**DATASET RECORDS:**

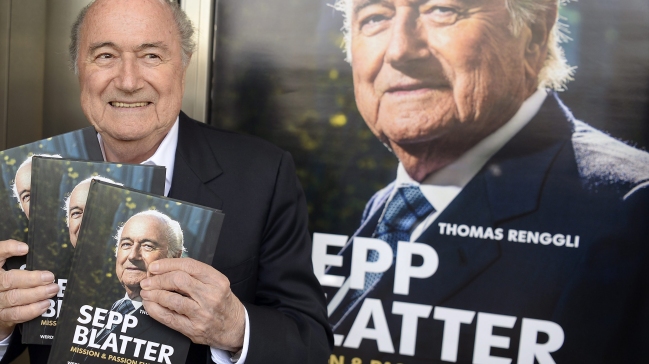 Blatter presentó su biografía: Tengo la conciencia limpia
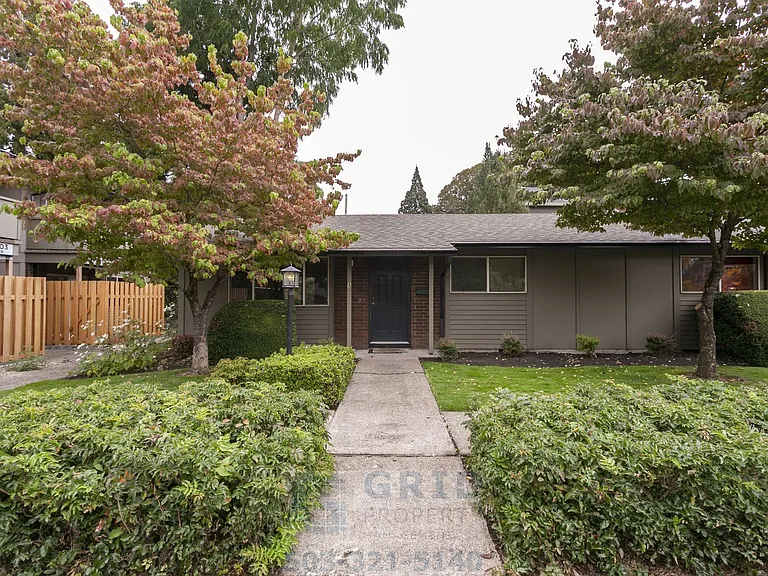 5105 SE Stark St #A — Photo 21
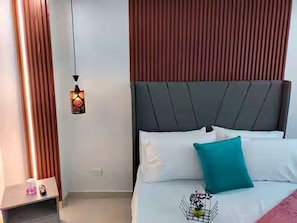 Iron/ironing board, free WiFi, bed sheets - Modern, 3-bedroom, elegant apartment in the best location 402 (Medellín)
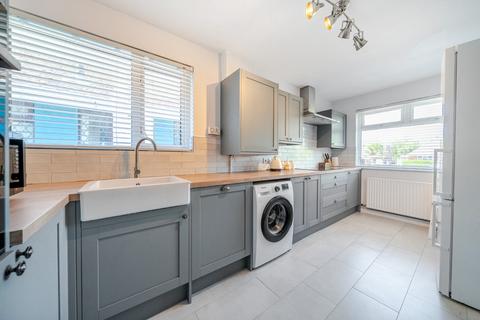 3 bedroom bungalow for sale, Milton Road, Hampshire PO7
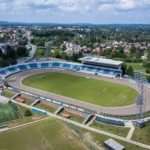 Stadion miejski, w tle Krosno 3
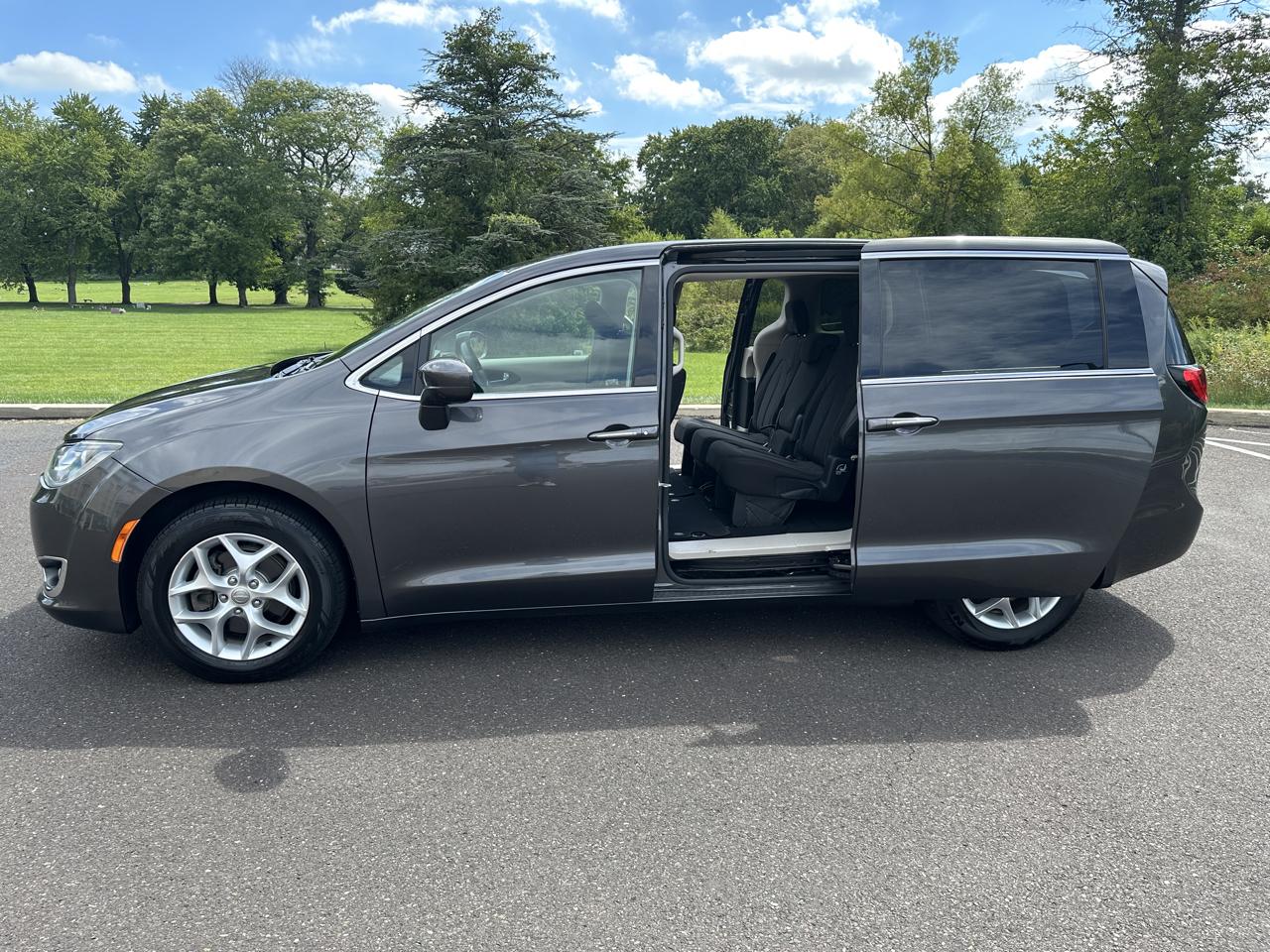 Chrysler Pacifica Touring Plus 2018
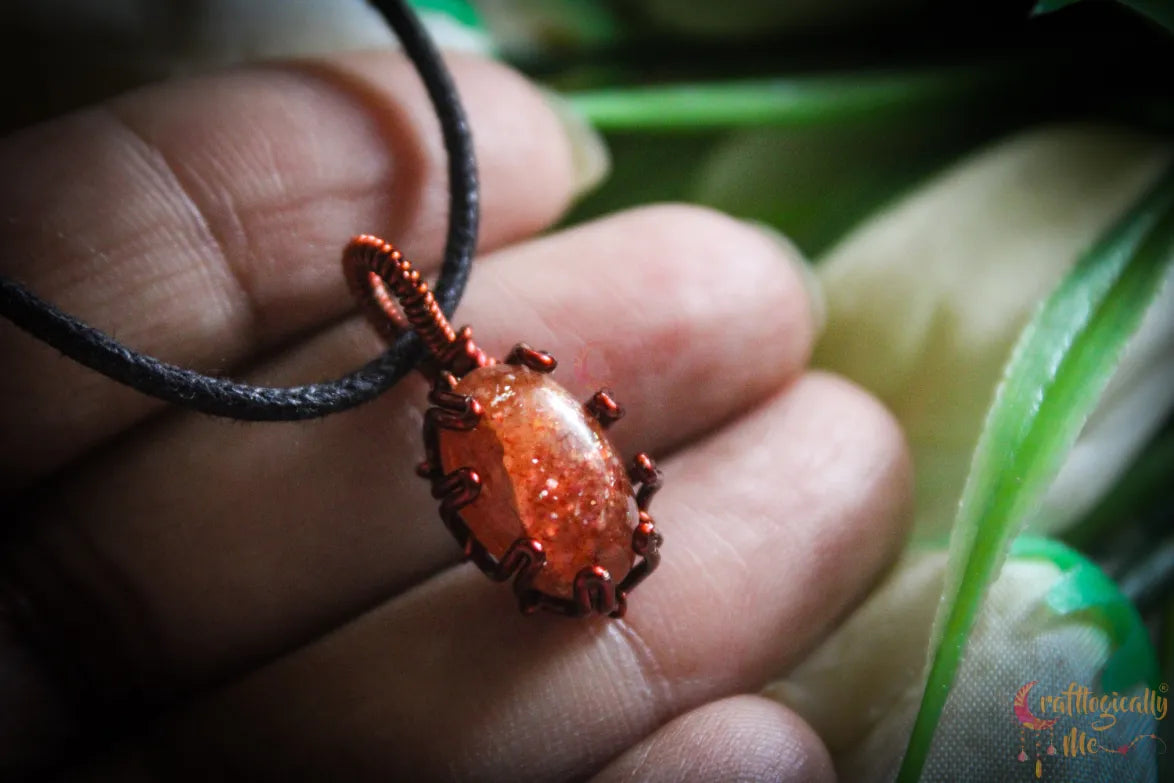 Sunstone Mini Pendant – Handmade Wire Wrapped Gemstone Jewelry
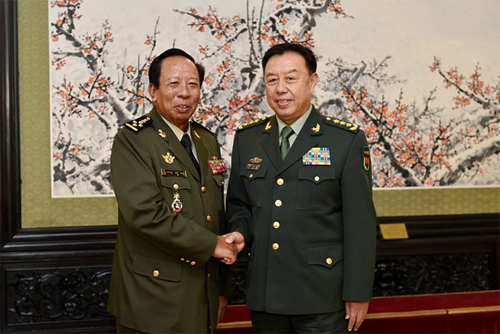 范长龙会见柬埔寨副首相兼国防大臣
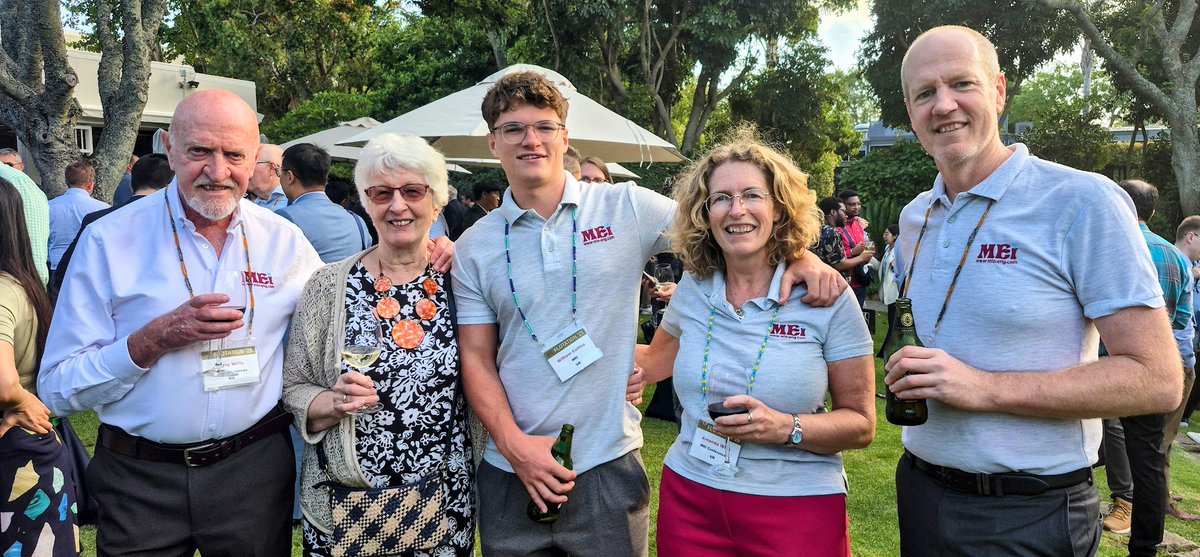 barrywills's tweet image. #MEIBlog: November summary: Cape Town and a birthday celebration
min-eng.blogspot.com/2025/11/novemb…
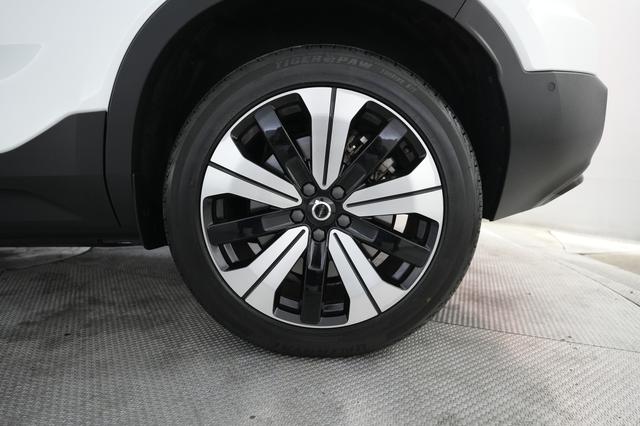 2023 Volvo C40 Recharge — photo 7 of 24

**WHAT IS NEEDED:** Reproduce every record verbatim, please. Omit the images.

**ANSWER SPACE:**
 Blatter presentó su biografía: Tengo la conciencia limpia
 5105 SE Stark St #A — Photo 21
 Iron/ironing board, free WiFi, bed sheets - Modern, 3-bedroom, elegant apartment in the best location 402 (Medellín)
 3 bedroom bungalow for sale, Milton Road, Hampshire PO7
 Stadion miejski, w tle Krosno 3
 Chrysler Pacifica Touring Plus 2018
 Sunstone Mini Pendant – Handmade Wire Wrapped Gemstone Jewelry
 范长龙会见柬埔寨副首相兼国防大臣
 barrywills's tweet image. #MEIBlog: November summary: Cape Town and a birthday celebration
min-eng.blogspot.com/2025/11/novemb…
 2023 Volvo C40 Recharge — photo 7 of 24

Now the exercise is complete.